I have a question: what’s the worst GPU/integrated graphics that can run Krita under 4K on an A3 300ppi document, without any brush/canvas slowdowns?
I have read the old threads about GPU recommendations. The conclusion back then, was that GPU matters the least. But the situation has changed, as more and more pen displays now have 4K resolution.
I remember when I first used a 4K pen display, the cheaper GPUs I had just couldn’t cut it.
I had a FirePro V4900 (Radeon HD 6570 equivalent, 1GB VRAM, from 2011), and it was absolutely struggling, even when paired with an Intel i9-9900K with 64GB of RAM.
I had also tried to run Krita on an i5-8250U laptop (UHD620 iGPU, 8GB RAM), output to 4K via thunderbolt, and it had noticeable slowdowns too.
To avoid slowdown, I have been using a half-decent discrete GPU in my office (Radeon Pro WX5100, a lesser RX570, but with 8GB VRAM).

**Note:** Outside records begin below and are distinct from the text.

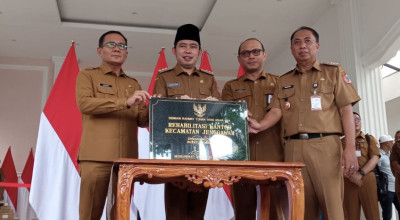 Mangkrak 6 Tahun, Pendopo Jenggawah Jember Kembali Bisa Layani Masyarakat
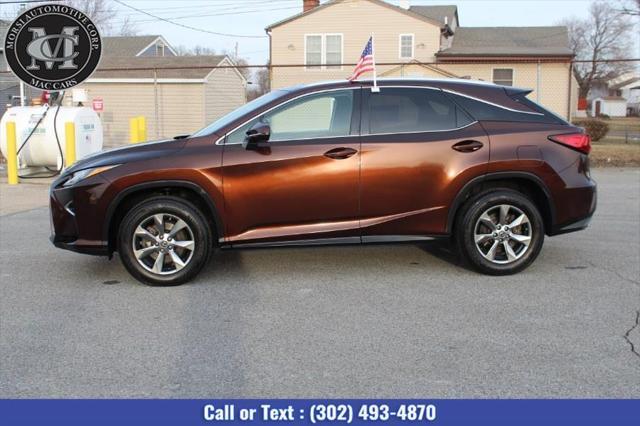 used 2018 Lexus RX 350 car, priced at $26,997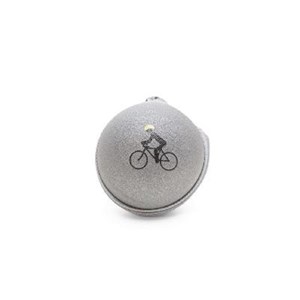 boule réfléchissante + couvre-casque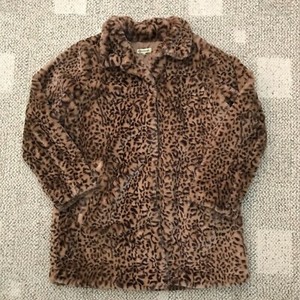 democracy faux fur jacket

Thing became interesting when my organization recently bought some new PCs with Intel i5-12500 CPU (UHD770 iGPU), 2x8GB DDR4-3200 RAMs. Although it was a huge downgrade on the GPU side (the chassis cannot support a discrete GPU), I was pleasantly surprised by how well Krita works on this system – there were no as much noticeable canvas slowdowns on a 4K pen display, compared to its predecessors.
UHD770 isn’t a powerful GPU by any means. Its performance is way worse than crappy dGPUs like RX550.
So I wonder what is Krita’s bottom-line GPU requirement for 4K display (A3 300 PPI document) without canvas/brush slowdowns? I think by answering trhis question, we can help a lot of users save money on their PCs.
2022-12-14 Edit
I have done some investigation lately, but since the post cannot be edited, I will edit the original post for anyone one might stumble upon this post.
I used radeontop to monitor GPU and VRAM usage this time. For a Radeon Pro WX5100 (Polaris 10 from 2016, a lesser RX 570), single 4K 60Hz, color-managed display:
- KDE Plasma consumes about 500MB of VRAM by default at system start.
- Krita consumes about 1GB of VRAM when opening up a sRGB 8bit 10000x5000 20 layers document.
- If nothing else happens, the combination of 1+2 will consume less than 2GB of VRAM, which most modern integrated graphics can handle without much issue.
- Opening Firefox, Chromium, video playback and such (a casual usecase, I assume) will bump VRAM usage above 5GB. In many cases, the used VRAMs won’t be released even after exiting those apps, probably due to memory leak.
- Krita’s GPU usage can reach 80% during intense usage (fullscreen, smooth canvas zooming/rotation big brush, quick strokes).
- An iGPU from 2022 like UHD770 has noticeable slowdowns during intense GPU usage spikes, it doesn’t make it unusable, but it was not a nice experience.
As such, I think we should recommend people to use GPUs with 6GB of VRAM and above, if they plan to use Krita with 4K displays. Otherwise, they will have to close everything else in order to save enough VRAM for Krita. Integrated graphics from 2022 could not provide the GPU processing power to unleash Krita’s full potential under 4K. But any dedicated GPUs from 2022 will do.
FYI, the reference GPU I used – Radeon Pro WX5100 is slower than RX 6400 in general, which is the bottom of the barrel in 2022. On paper spec, Intel ARC A380 6GB can barely meet the requirement as well.